:: RECORDS FOR THIS EXERCISE ::
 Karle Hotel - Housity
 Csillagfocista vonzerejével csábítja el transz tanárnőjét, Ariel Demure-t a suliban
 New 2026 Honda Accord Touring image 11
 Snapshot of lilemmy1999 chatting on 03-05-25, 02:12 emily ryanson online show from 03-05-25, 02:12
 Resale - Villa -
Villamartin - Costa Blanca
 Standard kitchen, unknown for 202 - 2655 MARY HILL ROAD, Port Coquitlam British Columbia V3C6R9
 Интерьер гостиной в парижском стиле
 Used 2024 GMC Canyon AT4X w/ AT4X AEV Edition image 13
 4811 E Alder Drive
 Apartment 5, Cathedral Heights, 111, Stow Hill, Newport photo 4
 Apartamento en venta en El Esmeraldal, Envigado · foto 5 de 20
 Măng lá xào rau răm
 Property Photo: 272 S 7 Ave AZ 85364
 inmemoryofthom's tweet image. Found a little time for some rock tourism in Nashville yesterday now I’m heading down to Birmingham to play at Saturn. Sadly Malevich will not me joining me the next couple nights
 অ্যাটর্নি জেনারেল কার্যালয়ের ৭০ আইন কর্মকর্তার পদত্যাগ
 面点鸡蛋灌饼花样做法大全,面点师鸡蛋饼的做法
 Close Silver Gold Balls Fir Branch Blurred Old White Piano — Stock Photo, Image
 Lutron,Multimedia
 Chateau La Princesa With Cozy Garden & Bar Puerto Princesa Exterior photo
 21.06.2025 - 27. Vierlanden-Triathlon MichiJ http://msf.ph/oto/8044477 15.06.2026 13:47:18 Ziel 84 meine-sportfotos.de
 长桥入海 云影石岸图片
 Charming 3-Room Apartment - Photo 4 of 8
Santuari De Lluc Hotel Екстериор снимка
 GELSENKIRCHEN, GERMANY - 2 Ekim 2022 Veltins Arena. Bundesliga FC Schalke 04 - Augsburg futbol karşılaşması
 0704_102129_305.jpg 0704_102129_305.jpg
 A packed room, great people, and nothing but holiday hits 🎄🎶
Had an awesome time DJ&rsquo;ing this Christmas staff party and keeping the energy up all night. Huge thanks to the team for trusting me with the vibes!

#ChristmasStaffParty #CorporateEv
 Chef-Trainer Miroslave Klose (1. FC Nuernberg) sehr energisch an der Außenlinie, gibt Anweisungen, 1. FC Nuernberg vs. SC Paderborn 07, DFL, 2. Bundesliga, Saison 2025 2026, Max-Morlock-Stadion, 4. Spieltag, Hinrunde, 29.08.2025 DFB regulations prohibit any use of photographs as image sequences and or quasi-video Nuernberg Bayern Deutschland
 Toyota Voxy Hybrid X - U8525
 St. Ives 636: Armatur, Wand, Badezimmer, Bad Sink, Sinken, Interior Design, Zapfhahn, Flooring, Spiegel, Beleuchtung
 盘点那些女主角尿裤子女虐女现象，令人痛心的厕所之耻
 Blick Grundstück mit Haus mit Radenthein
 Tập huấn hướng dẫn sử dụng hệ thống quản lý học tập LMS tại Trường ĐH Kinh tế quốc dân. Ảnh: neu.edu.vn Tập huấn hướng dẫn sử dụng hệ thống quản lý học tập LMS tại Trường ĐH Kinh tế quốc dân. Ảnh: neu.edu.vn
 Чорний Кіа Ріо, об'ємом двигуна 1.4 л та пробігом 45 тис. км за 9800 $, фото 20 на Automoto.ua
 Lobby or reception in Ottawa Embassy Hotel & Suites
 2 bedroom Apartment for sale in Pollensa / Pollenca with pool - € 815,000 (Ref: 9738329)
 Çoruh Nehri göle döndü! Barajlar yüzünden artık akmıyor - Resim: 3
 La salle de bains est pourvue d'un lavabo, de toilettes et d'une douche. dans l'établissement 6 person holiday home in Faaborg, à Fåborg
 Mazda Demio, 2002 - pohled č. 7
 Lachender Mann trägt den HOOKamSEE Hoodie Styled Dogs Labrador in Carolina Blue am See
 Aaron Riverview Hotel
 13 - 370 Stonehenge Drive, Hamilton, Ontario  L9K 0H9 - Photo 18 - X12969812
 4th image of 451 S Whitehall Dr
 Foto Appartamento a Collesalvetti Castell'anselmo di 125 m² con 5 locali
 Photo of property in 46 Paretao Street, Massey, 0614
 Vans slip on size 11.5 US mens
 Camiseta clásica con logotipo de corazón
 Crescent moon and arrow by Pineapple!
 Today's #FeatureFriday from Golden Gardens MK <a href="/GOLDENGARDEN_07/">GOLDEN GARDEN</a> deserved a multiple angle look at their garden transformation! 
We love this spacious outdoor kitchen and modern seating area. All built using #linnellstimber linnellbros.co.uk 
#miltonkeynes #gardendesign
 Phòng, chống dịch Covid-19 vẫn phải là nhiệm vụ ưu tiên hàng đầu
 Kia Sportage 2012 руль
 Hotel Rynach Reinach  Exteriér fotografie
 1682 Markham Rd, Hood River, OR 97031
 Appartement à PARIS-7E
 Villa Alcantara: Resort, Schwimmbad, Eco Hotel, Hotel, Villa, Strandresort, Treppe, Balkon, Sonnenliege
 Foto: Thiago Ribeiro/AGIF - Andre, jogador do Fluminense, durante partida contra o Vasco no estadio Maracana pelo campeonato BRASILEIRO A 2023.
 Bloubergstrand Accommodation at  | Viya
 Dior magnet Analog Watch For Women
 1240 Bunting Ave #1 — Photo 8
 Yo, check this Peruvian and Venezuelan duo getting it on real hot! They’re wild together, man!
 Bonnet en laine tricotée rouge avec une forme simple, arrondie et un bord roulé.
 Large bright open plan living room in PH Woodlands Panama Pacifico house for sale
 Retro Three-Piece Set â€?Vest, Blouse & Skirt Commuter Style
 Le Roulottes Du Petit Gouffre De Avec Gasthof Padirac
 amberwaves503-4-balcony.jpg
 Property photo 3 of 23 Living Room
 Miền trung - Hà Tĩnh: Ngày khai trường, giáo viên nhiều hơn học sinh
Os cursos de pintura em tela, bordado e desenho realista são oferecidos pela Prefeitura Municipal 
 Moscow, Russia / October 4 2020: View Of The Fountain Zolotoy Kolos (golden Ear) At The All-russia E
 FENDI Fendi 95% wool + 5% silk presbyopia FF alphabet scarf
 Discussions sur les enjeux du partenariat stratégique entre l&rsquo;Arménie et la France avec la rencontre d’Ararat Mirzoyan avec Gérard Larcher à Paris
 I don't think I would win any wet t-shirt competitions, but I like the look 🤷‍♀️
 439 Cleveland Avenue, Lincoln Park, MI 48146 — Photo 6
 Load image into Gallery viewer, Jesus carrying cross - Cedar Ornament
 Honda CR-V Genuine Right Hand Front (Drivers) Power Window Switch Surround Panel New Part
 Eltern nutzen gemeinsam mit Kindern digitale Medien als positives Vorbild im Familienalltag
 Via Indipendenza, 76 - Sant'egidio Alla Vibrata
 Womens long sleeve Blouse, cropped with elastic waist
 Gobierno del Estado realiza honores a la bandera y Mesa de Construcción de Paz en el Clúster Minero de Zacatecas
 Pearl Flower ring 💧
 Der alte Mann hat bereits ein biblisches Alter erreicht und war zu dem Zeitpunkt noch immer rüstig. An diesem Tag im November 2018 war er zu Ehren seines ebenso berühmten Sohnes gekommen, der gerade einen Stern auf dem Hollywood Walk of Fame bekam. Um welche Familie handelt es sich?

:: WORK INSTRUCTIONS ::
Only the lines from the beginning of the material above through the line with "Resale - Villa" are wanted; extract them exactly.

:: ANSWER SECTION ::
 Karle Hotel - Housity
 Csillagfocista vonzerejével csábítja el transz tanárnőjét, Ariel Demure-t a suliban
 New 2026 Honda Accord Touring image 11
 Snapshot of lilemmy1999 chatting on 03-05-25, 02:12 emily ryanson online show from 03-05-25, 02:12
 Resale - Villa -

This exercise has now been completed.